You are exactly right that we should be talking here about the crucifix that was supposedly with the Diary when Anne Graham first took possession of it. So let's do just that.

In the "Mammoth Book of JtR," pp. 161-62, Melvyn Fairclough writes that Anne Graham said that when she first saw the Diary "in 1968 or 1969" she found a crucifix with it. Fairclough maintains that "It has been established [by whom I ask?] that the design of the crucifix was apparently exclusive to the Sisters of Mercy who ran the Women's Refuge in Crispin Street" where Mary Jane Kelly is said to have stayed. When visited by Fairclough in 1996, the sisters at their new location confirmed that the crucifix is like the crucifix of their convent but they were unable to tell Melvyn if it was unique to them, as has been alleged. Fairclough states, "The inference is that Kelly took the crucifix with her when she left the Women's Refuge and that Maybrick took it from her room after murdering her. Before his death he left it with his diary." (Mammoth Book, p. 162)

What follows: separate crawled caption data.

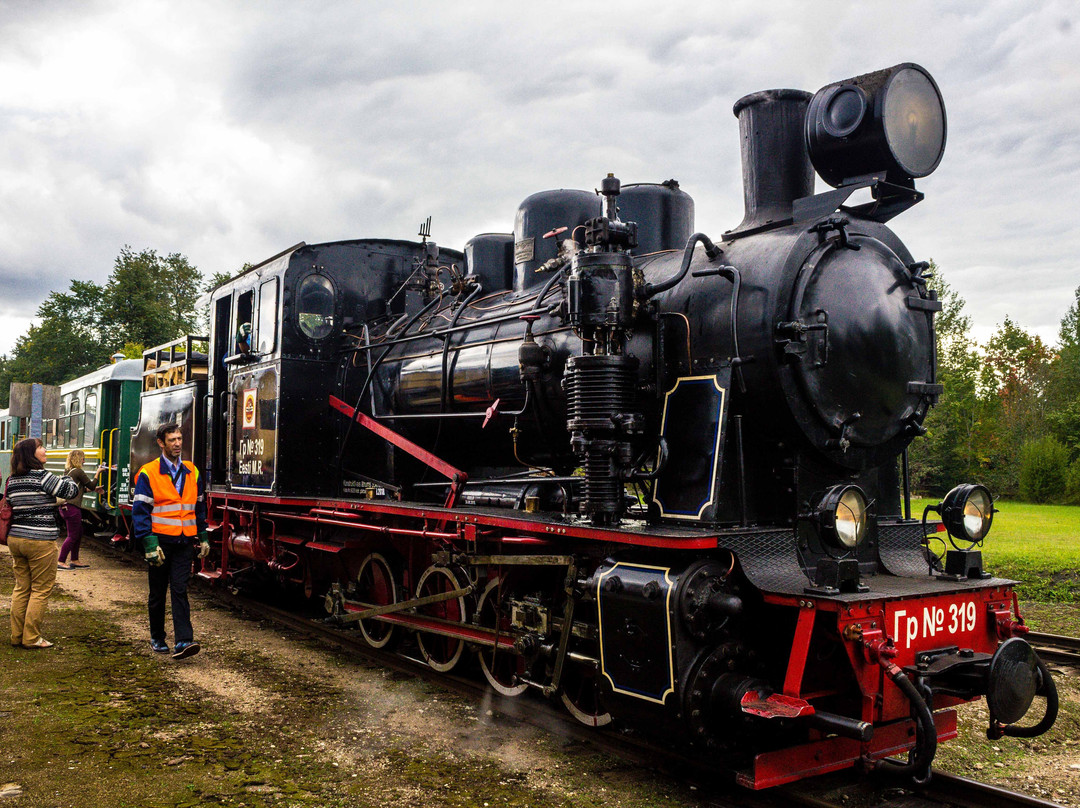 Gulbene Aluksne Narrow Gauge Railway景点图片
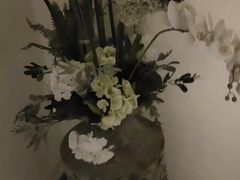 -新盈光·旗舰店(海曙苍松路店)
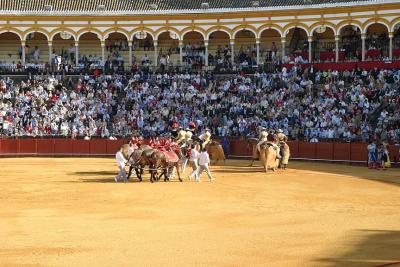 Bullfight-04.jpg
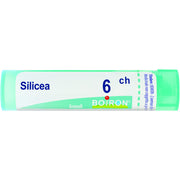 Boiron Silicea Granuli 06Ch Tubo 4g-1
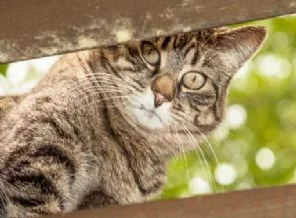 Enerji Bakanı için ''kedi ölümü''nden suç duyurusu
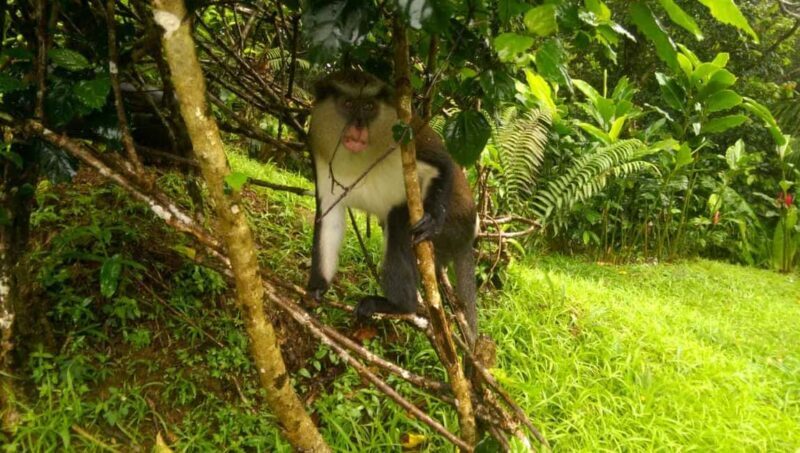 Grenada: Half-Day Island Tour with Waterfall Swim Stop - Authenticity and Local Flavor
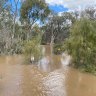 Flooding of the Murray River near Echuca last month. The Murray is expected to peak at Wakool Junction, north of Swan Hill, by about midday on Tuesday.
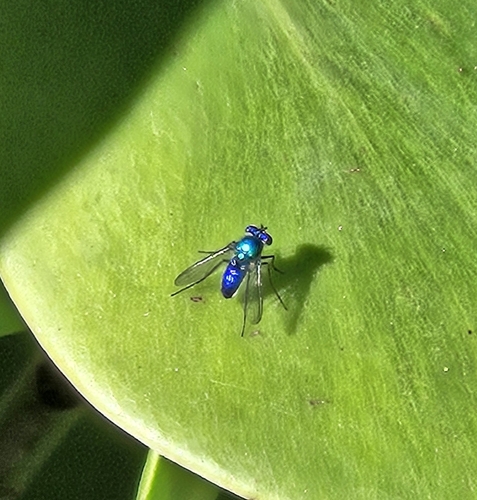 Unknown species found near Atlantic Boulevard & Coral Springs Drive, Coral Springs, FL 33071, USA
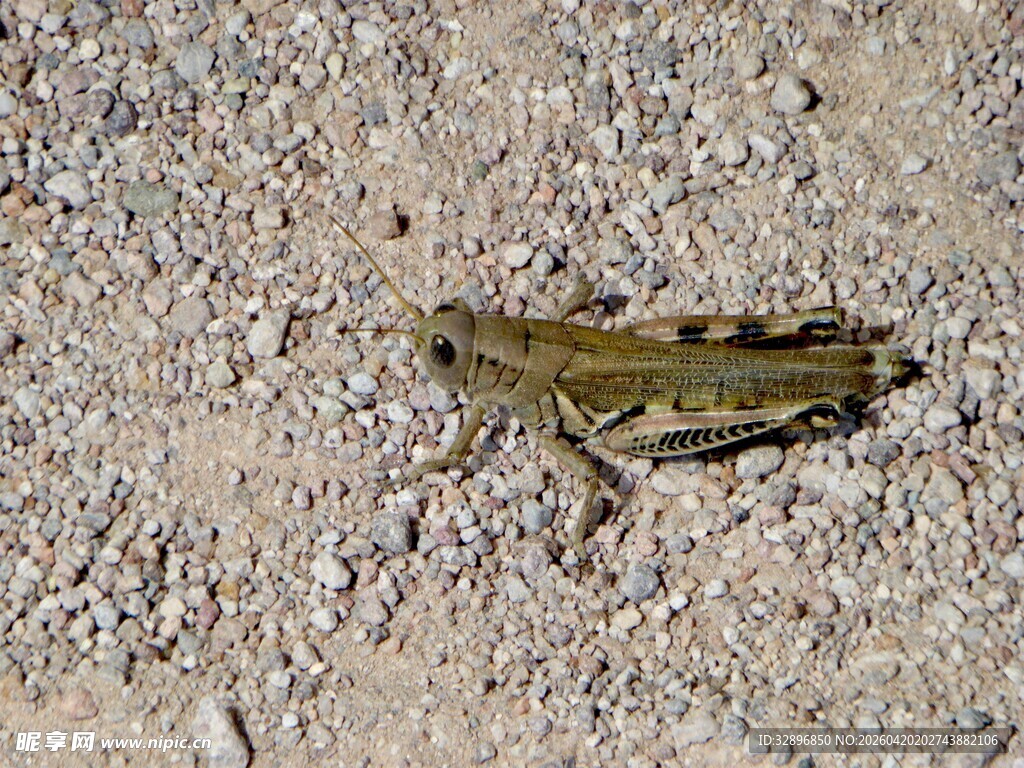 沙地上的一只小蝗虫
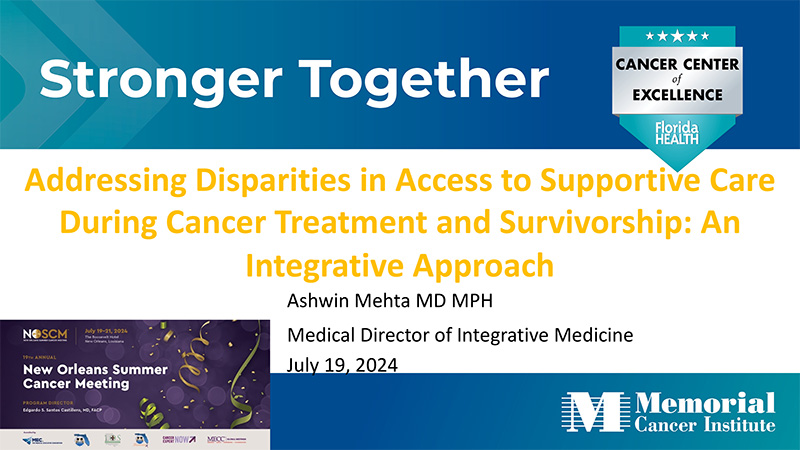 Addressing Disparities in Access to Supportive Care During Cancer Treatment and Survivorship: An Integrative Approach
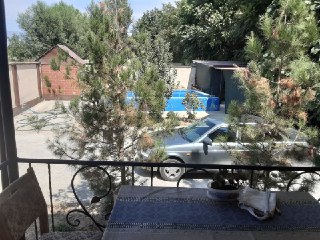 Дом-дача. 5 соток. Все условия. Бостанлык.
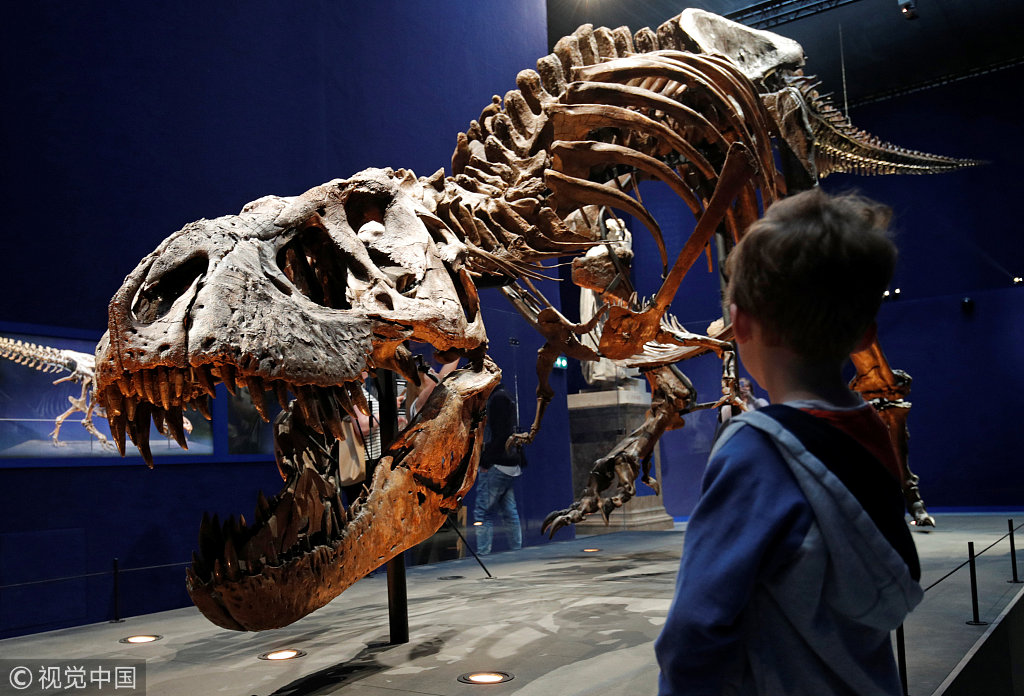 法国博物馆展出6700万年霸王龙骨架化石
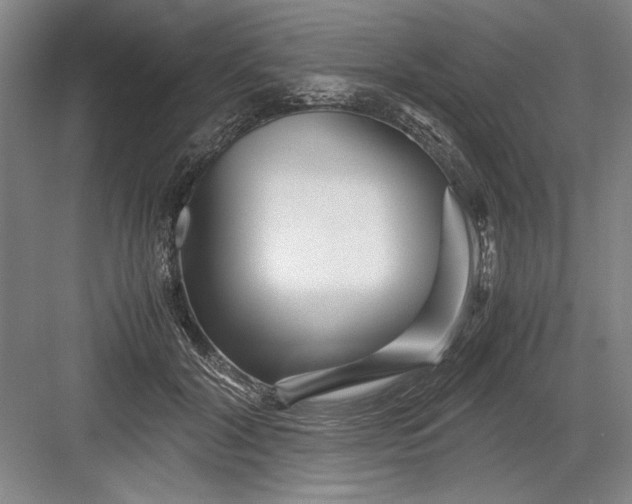 X0000082950604200702152242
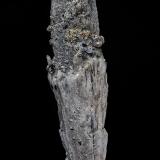 Quartz, Pyrrhotite<br />Nikolaevski Mine, Dalnegorsk, Dalnegorsk Urban District, Primorsky Krai, Far-Eastern Region, Russia<br />18.4 x 3.8 cm<br /> (Author: am mizunaka)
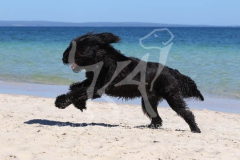 Briard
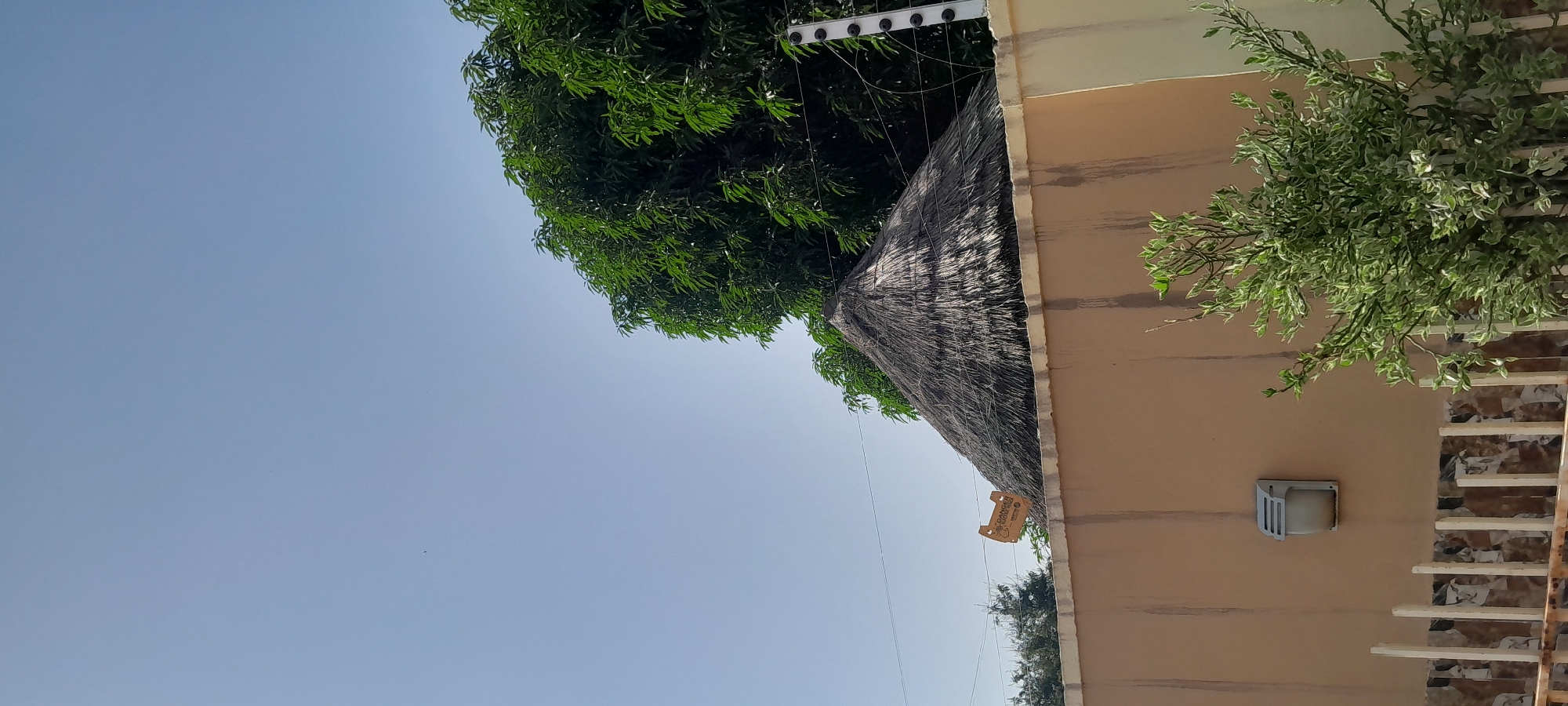The image, taken in Jalingo, Nigeria, depicts an outdoor scene dominated by a clear blue sky. In the mid-ground, a thatched-roof structure with a conical shape is visible, partially obscured by a large, lush green tree. A beige-colored wall with a textured finish runs horizontally across the lower portion of the frame. An electric fence with insulators is mounted on top of this wall, behind the thatched roof. On the wall, a light fixture is attached. A decorative fence, with vertical white posts and patterned infill, is situated in front of the wall. To the right, a bush with variegated green and white leaves grows near the fence. A small, yellow warning sign, seemingly attached to the electric fence wire, is also present.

Melvyn goes on to say that "If the same type of crucifix is used by another establishment one would have expected, by now, that the diary's detractors would have discovered it. As far as I am aware no one has." (Ibid)

Well, my friends, THAT is a challenge is it not?

What if anything IS unique about this crucifix?

Is it said to be unique to the Sisters of Mercy at their East End convent or to the order overall?

Can it be proven to be a nineteenth century crucifix?

Can it be dated to 1888 or earlier?

Can it be proven to be from the Sisters of Mercy in the East End or even from Miller's Court?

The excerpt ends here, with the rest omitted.